M&Aフォーラム賞選考委員会は、2019年度(令和元年度)「
第14回M&Aフォーラム賞」に4作品を選定し、10月7日授賞式が行われた。
「
M&Aフォーラム」は、2005年の内閣府経済社会総合研究所の「M&A研究会」において民と官との連携ができる民間ベースのフォーラムが提唱されたことを受け2005年12月に設立され、今年で15年目を迎える。
理論的、実証的及び実務的な視点から、進歩、変化するM&A事情の研究・調査を行い、今後の我が国におけるM&Aのあり方について提言を行うとともに、主に企業人を対象にした「M&A人材育成塾」の運営等の活動を通じて、M&Aの普及・啓発、人材や市場の育成に資することを目的としており、さまざまな関係分野の有識者、実務専門家、企業関係者が参加する場となっている。
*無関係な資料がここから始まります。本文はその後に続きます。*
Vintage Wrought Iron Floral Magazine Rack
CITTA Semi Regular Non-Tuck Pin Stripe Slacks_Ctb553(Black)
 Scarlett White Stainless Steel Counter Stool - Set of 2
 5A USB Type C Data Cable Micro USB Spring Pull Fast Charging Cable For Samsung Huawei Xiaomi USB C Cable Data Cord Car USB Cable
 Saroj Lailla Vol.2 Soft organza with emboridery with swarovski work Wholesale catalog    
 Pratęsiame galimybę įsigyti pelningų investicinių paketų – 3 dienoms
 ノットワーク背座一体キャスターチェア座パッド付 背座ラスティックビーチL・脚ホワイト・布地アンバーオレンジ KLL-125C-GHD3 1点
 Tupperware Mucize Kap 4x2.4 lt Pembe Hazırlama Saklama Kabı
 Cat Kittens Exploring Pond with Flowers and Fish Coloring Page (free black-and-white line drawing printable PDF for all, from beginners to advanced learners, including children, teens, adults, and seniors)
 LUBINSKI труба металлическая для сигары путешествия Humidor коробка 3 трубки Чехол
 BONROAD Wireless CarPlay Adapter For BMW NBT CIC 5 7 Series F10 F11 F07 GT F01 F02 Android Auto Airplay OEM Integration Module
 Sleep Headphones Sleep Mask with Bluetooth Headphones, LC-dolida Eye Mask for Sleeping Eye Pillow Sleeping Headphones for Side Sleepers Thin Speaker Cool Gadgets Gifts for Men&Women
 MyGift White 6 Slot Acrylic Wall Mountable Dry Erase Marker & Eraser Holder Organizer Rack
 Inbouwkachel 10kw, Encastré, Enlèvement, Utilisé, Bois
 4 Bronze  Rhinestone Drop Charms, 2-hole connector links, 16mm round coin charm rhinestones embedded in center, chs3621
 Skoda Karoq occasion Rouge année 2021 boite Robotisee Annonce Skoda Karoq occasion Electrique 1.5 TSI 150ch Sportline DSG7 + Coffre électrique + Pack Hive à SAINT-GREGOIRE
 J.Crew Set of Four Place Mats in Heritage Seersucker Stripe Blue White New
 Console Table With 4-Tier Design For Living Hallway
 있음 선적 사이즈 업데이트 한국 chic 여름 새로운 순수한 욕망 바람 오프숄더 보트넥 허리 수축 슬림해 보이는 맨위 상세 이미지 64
「M&Aフォーラム賞」は、2000年度に「M&Aに関する社会科学的観点からの研究論文の執筆で顕著な業績をあげた学生・院生を顕彰する懸賞論文制度」としてレコフが創設した『RECOF賞』が前身で、M&Aフォーラムからの強い要請もあり、学識経験者、行政担当者、M&A専門家、企業関係者(実業界)ならびに大学院、大学、各種専門学校を含めた学生にいたるまで幅広い分野に対象を広げ、06年にM&Aフォーラム賞『RECOF賞』として引き継がれた。
第14回を迎えた今回は、法律、経済、経営、税務・会計、ファイナンスなどをテーマにそれぞれの観点で掘り下げた、14の書籍・論文の応募があった。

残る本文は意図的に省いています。